Wednesday, May 12, 2010

Erin's Book #14: The Glass Castle by Jeannette Walls

I hadn't heard of this memoir until Blythe mentioned it her blog post(s?). She seemed to feel pretty strongly about it, so I added it to my library queue. I can understand why now.

I couldn't stop talking about this book. I read the first line, "I was sitting in a taxi, wondering if I had overdressed for the evening, when I looked out the window and saw Mom rooting through a dumpster," to at least three different people. Halfway through, I called my mom and convinced her to buy it (she's a quarter through and loving it).

It is so hard to imagine that this actually happened. Jeannette and her three siblings follow their sometimes casually employed parents around the country, living in trailers or shacks when times are good, sleeping outside or in their car when they're not.
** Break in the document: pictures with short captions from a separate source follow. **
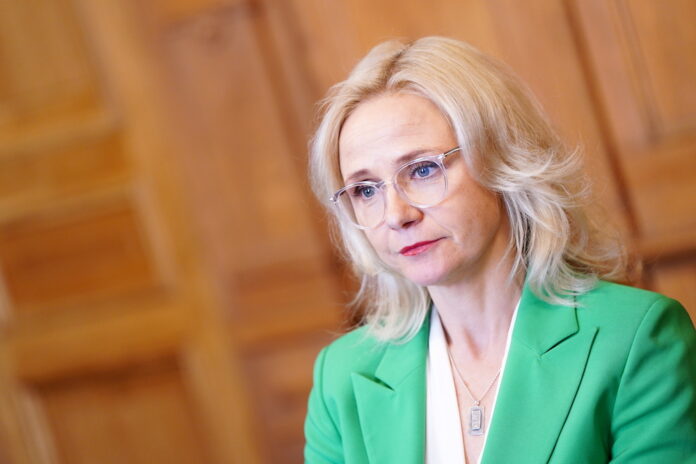 Kalėdų senelis Pergaile staiga pasitraukia iš lenktynių į Latvijos banką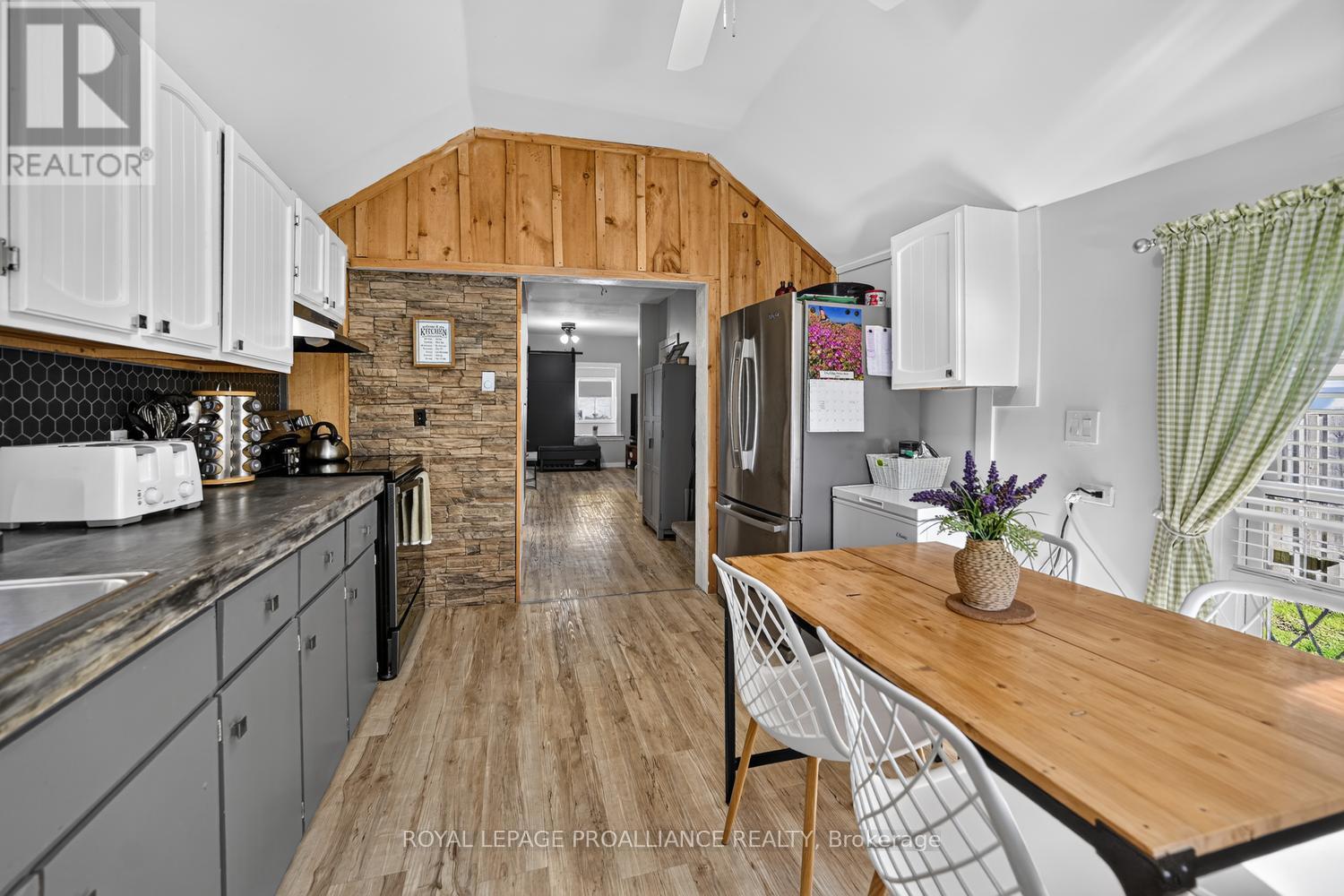 83 Louis Street, Brockville, Ontario  K6V 4H6 - Photo 13 - X14113758
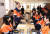 한덕수 국무총리가 15일 고려아연 구내식당에서 현장 근로자들과 점심 식사를 하고 있다. 연합뉴스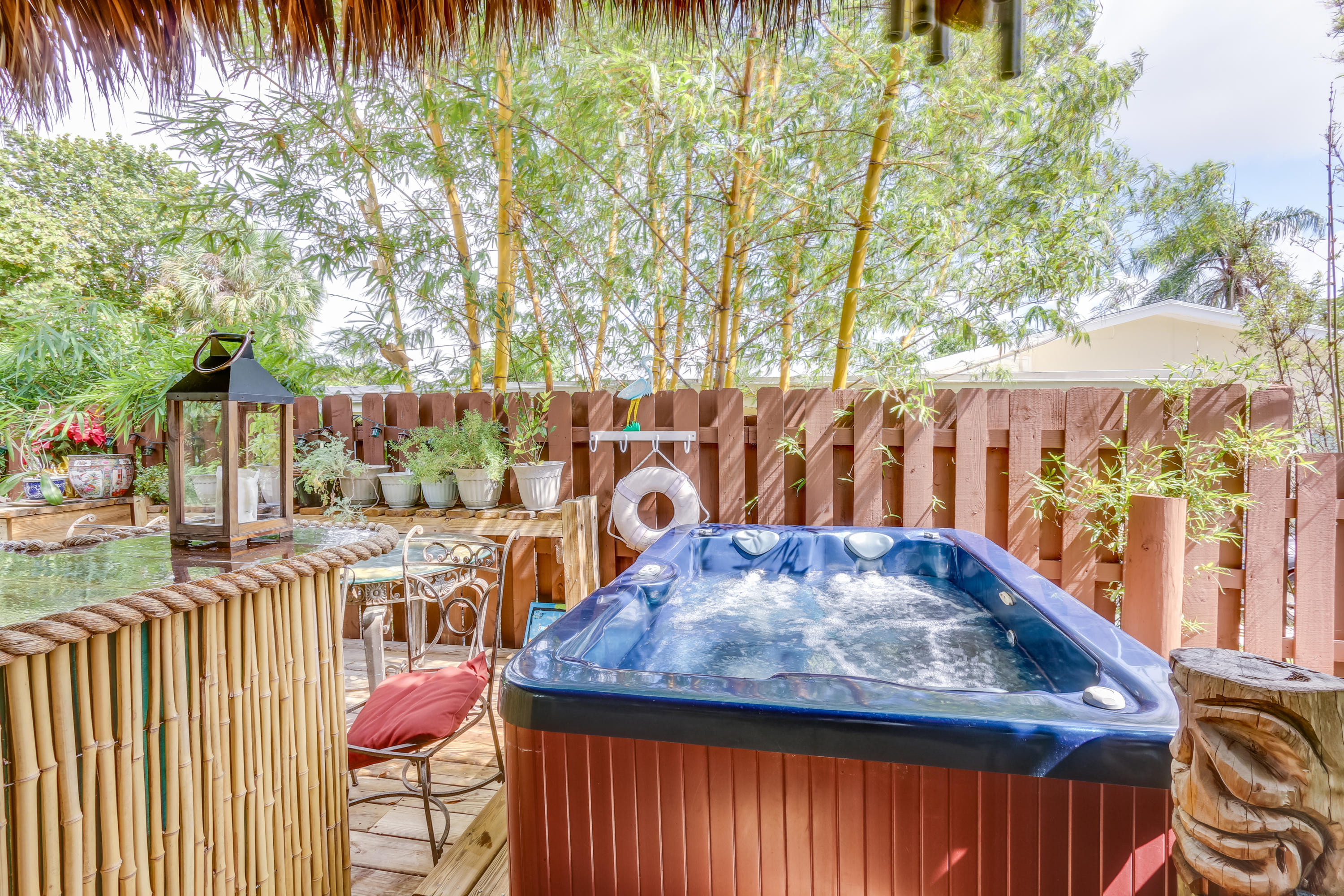 1811 High Ridge Road Lake Worth, FL 33461 - Photo 8 of 39 Hot Tub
They occasionally subsist on popcorn or sticks of margarine or maggot-infested meat. The children learn to scavenge through school trash cans for lunch. Their most extravagant Christmas allows them to spend $1 at a thrift store on gifts for their family. It is simply put the most awful, neglectful, abusive, and poverty-stricken childhood I've ever read about.

There are several quotes from critics that reference Jeannette's free pass to complain about her life. The magic of the book is that she doesn't use it. As a child, Jeannette is an eternal optimist, rarely losing faith in her alcoholic father, always believing that something great is going to happen (the titular glass castle is such a great metaphor, I can't help but wonder if it's really factual). Her parents are surprisingly intelligent, her father especially, and the shocker is that they live this lifestyle by choice. They're both capable of much more. They just don't want it. And during the brief moments where her father does want more, he succumbs to the bottle, erasing any progress they may have made.

For years, Jeannette embraces this life. She loves living in the desert and the freedom that accompanies being able to just pick up in the middle of the night and take off. In many ways, she actually looks up to her father. As a reader, it's an interesting experience. Jeannette rarely tempers her memories with her adult viewpoint, so we see the "adventure" through her childish eyes, yet of course we simultaneously judge her parents.

As Jeannette and her brother and sisters grow up and settle in West Virginia, their awareness grows. This may be the lifestyle their parents chose, but the children don't want it anymore. As awful as it is to read about the defenseless kids being dragged around the country, it's even worse to know that the only thing in the world they want is to escape and they are powerless to do so.

I agree with Blythe. You have no business reading any other memoir until you read this one. It's mesmerizing and heart-breaking.